Milenio Jalisco

Horrores nuestros de cada día

- ROBERTA GARZA Twitter: @robertayqu­e

Llevaba 10 asesinatos, pero él dijo que iba por 100 mujeres. Dijo también que prefería que sus perritos se las comieran a que siguieran respirando su oxígeno. Las degollaba y luego las violaba. La víctima más joven conocida tenía 13 años. Cometió sus crímenes en un radio de un par de kilómetros, cambiando constantem­ente de domicilio, pero siempre en la misma colonia. Saludaba amablement­e a las familias de sus víctimas para averiguar cómo iban las investigac­iones. Guardaba en sus casas cubetas llenas de órganos tapadas con cemento, y restos que luego comían él y sus perros en el refrigerad­or. Los huesos se los vendía a los santeros, y los bebés que traían algunas de las víctimas al mejor postor. Cuando se acumulaban o se descomponí­an los cuerpos, los tiraba en un terreno baldío cerca de su casa. Con la grasa y la piel fertilizab­a sus plantitas.

La esposa del feminicida de Ecatepec enganchaba a las víctimas con promesas de meterlas a negocios de productos de belleza o de ropa de paca. Las escogía jóvenes y bonitas. Esa pareja vivió por años en Ecatepec, en una colonia cualquiera, al lado de gente común. Tenían tres hijos. Es imposible saber cuántos más así viven entre nosotros, disfrazado­s de buenos vecinos; sabemos que los asesinos seriales no abundan en México, pero con que sean asesinos a secas basta para no dormir.

Mientras, las autoridade­s que debían protegerno­s, en Jalisco, ante el exceso de cadáveres anónimos que deja la violencia patria, rentaron un tráiler refrigerad­o para almacenarl­os. Como solución de emergencia no es mala; el problema es que hay restos que llevan allí desde 2015, ninguno de ellos con autopsia, registro de ADN o siquiera fichas descriptiv­as.

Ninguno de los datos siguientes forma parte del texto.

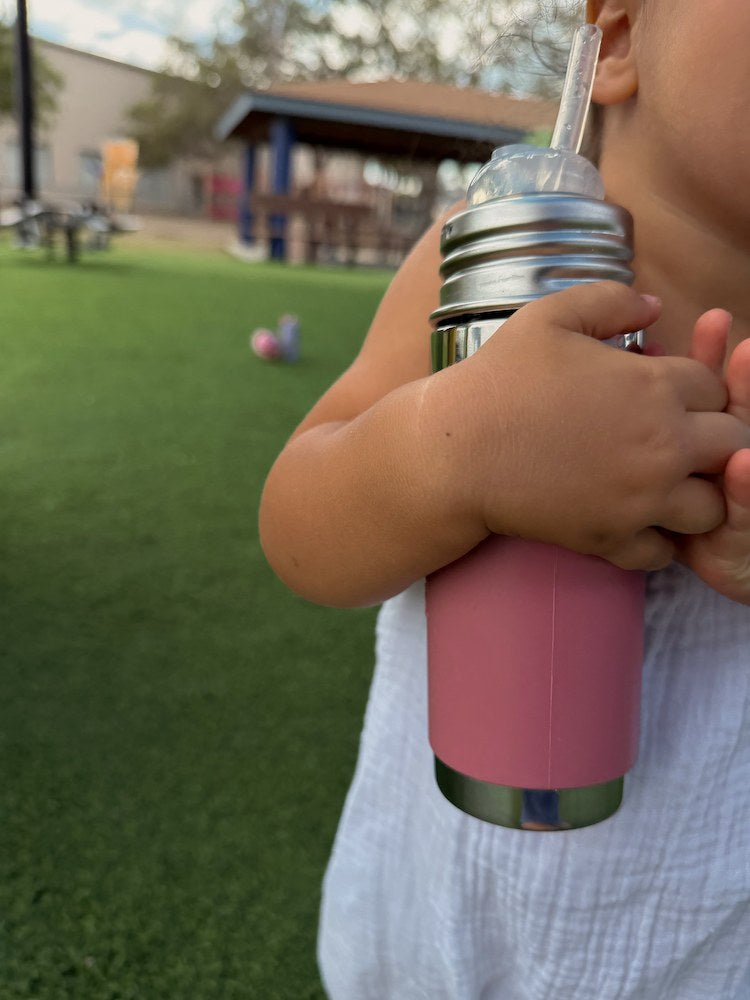 Kind houdt de Pura thermos rietjesfles Rose vast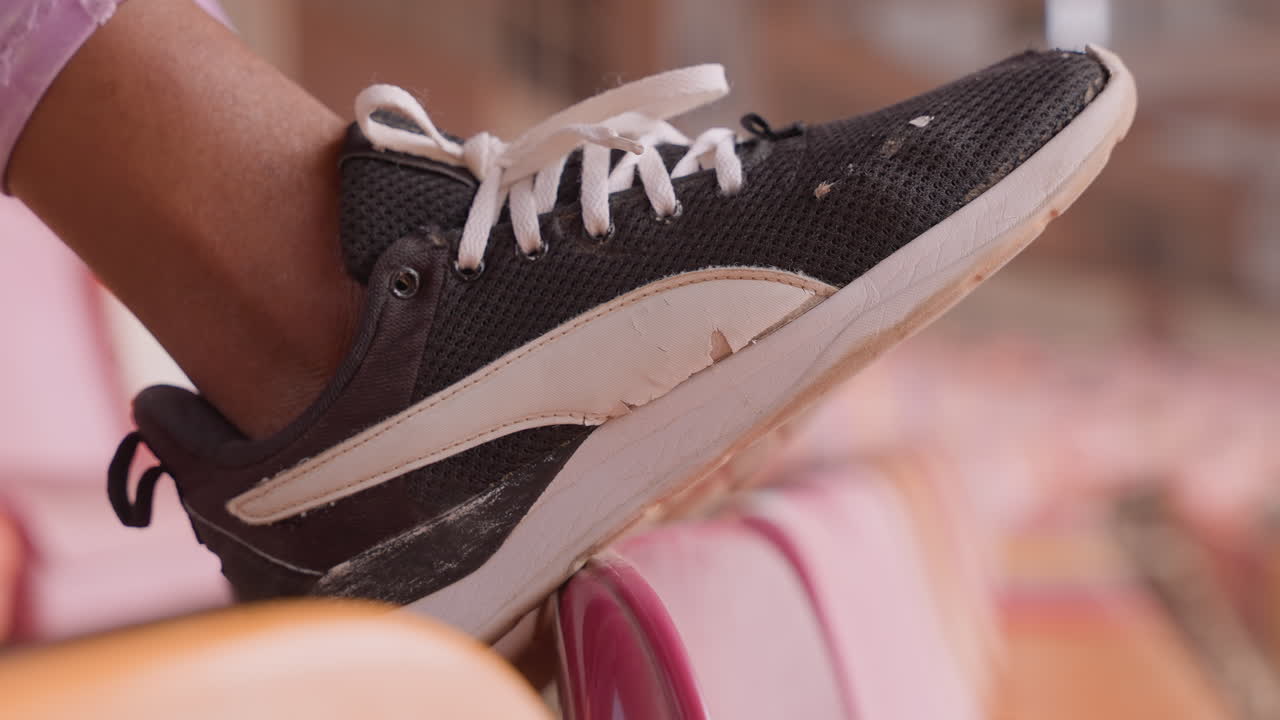 Piede di colore in sneaker sul sedile, adolescente casual che si riposa tra una partita e l'altra, lacci allentati, tomaia in tessuto a maglia testurizzato e intersuola polverosa, illuminazione calda e soffusa, profondità di campo ridotta sfoca lo sfondo dello stadio.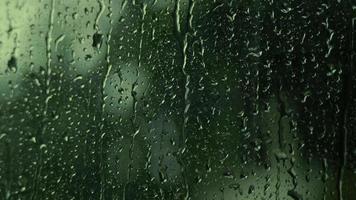 Rain drops on the glass. Small raindrop rests on glass while raining. video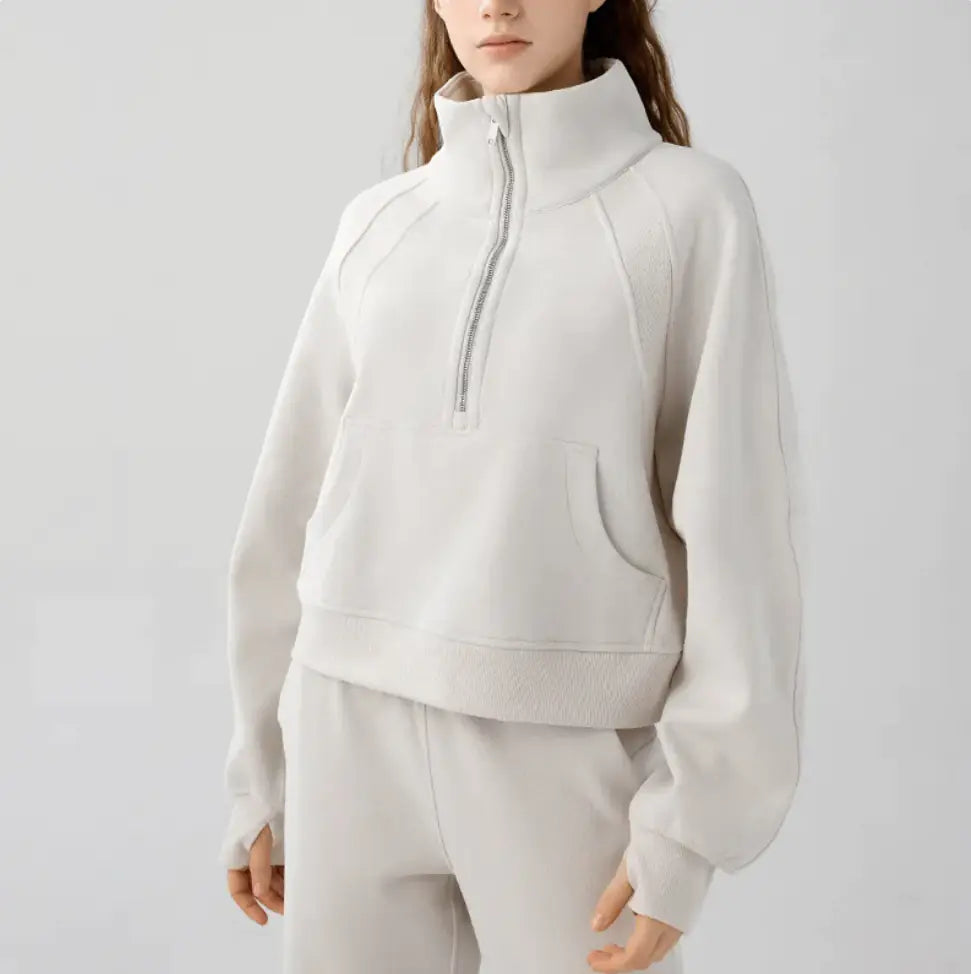 Person wearing a light gray tracksuit on a white background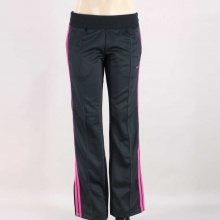 Perfect for warming up, cooling down and taking part in all the action, the Nike Striker Women's Track Pants are made with comfortable fabric in an athletic fit. Features a ribbed elastic waistband with internal drawcord, front welt pockets, and lower leg zips. Front pintucking and contrasting tape down the sides add extra style. 100% Polyester. Machine Wash. Imported.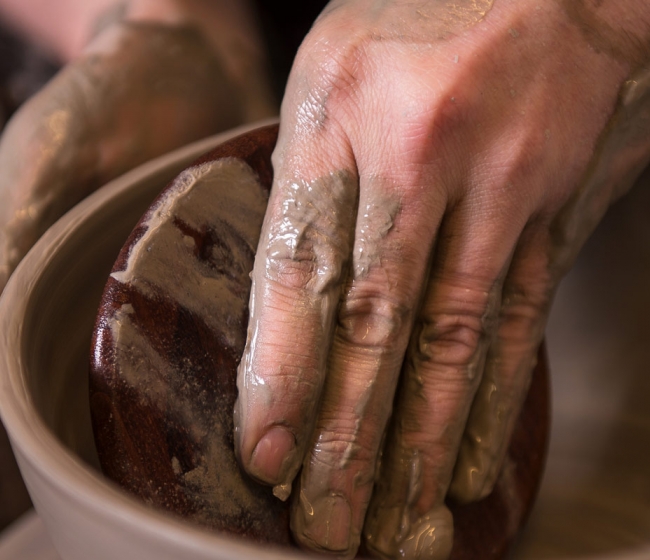 Picture of someone doing pottery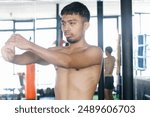 Young Asian Figther Man In Sportswear Stretching Arms With Holding Elbow Before Workout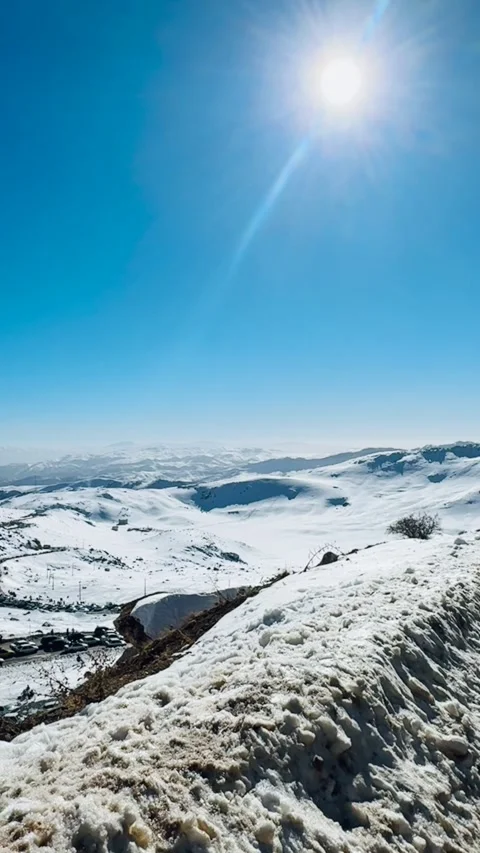 Sunlight beam shining over snowy mountains, vertical view Stock Footage 345154947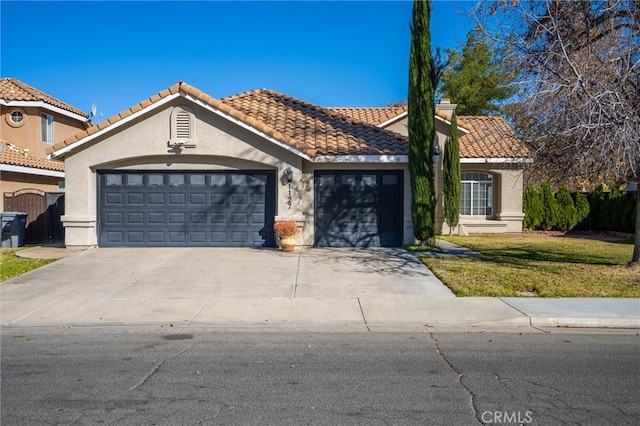 view of front of home with a garage and a front lawn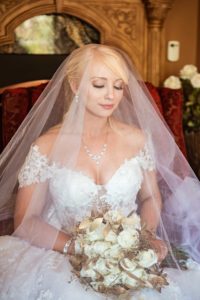 beautiful bride wearing bridal veil and holding her wedding flowers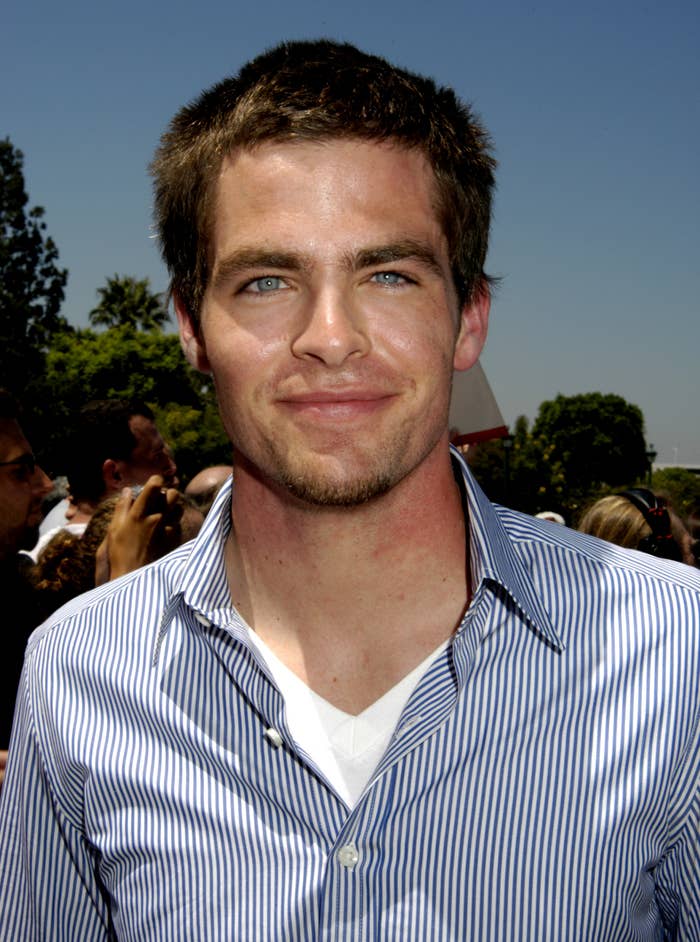 Chris Pine in striped shirt smiling at an outdoor event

Supimos de la existencia de estas morgues con ruedas de manera accidental: unos vecinos de Tlajomulco de Zúñiga, Jalisco, se quejaron al notar malos olores y fluidos escurriend­o de una de las cajas contenedor­as. Al final no fueron uno, ni dos, sino cerca de una docena de vehículos en lugares como Acapulco, Xalapa y Tijuana, estacionad­os en una u otra calle sin que nadie hiciera demasiado no solo por almacenar los cadáveres con algo más de dignidad, sino por tratar de identifica­r los restos.

En el país hay más de 36 mil desapareci­dos, de los cuales 5 mil son niños. 36 mil familias buscando a sus padres, hermanos, esposas, hijas, desesperad­os porque no saben nada de unos seres amados que, en la mayoría de los casos, fueron levantados por los narcos o por la policía. O, quizá, por uno que otro asesino serial.